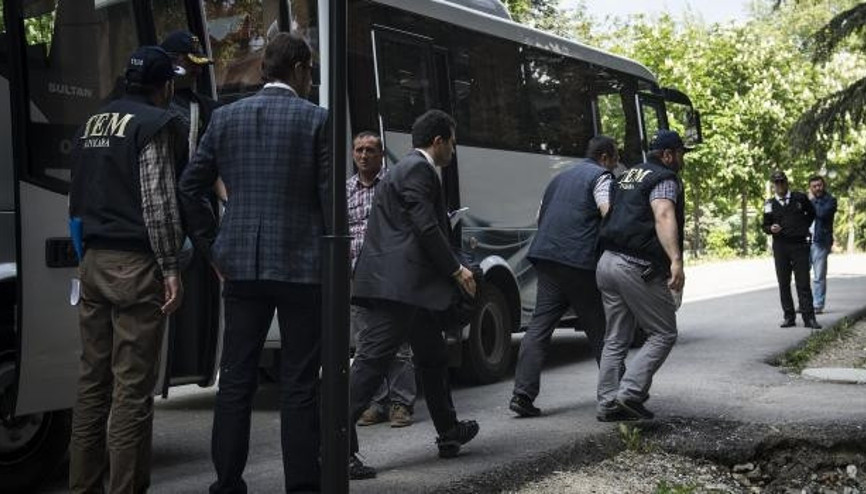 Usulsüz dinleme iddiasında 10 tutuklama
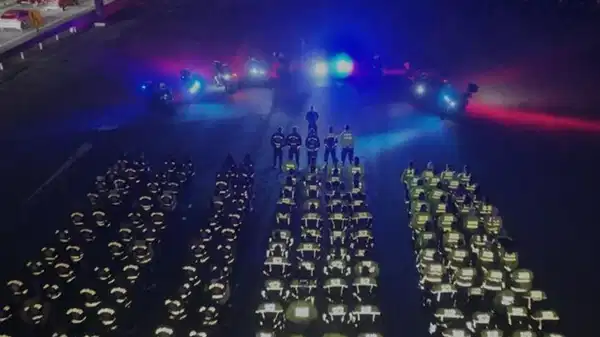 Tuzla'daki gece buluşmasına baskın: Polisten kaçamadılar!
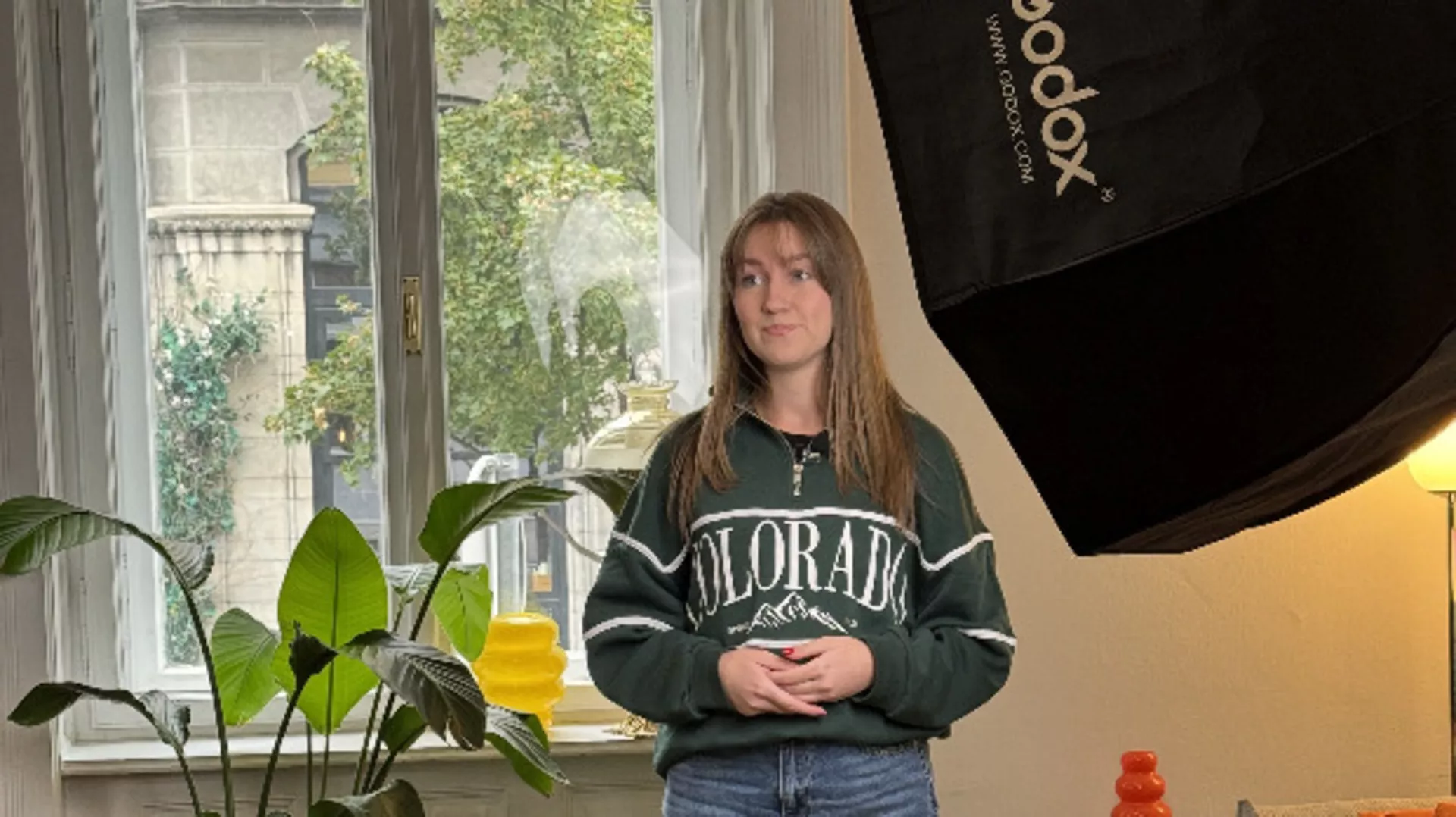 РТС ЛАБ: Иза објектива (R)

#### Problem description
When you restate the listing above, give each line word for word but leave out every image.

#### Task solution
 Usulsüz dinleme iddiasında 10 tutuklama
 Tuzla'daki gece buluşmasına baskın: Polisten kaçamadılar!
 РТС ЛАБ: Иза објектива (R)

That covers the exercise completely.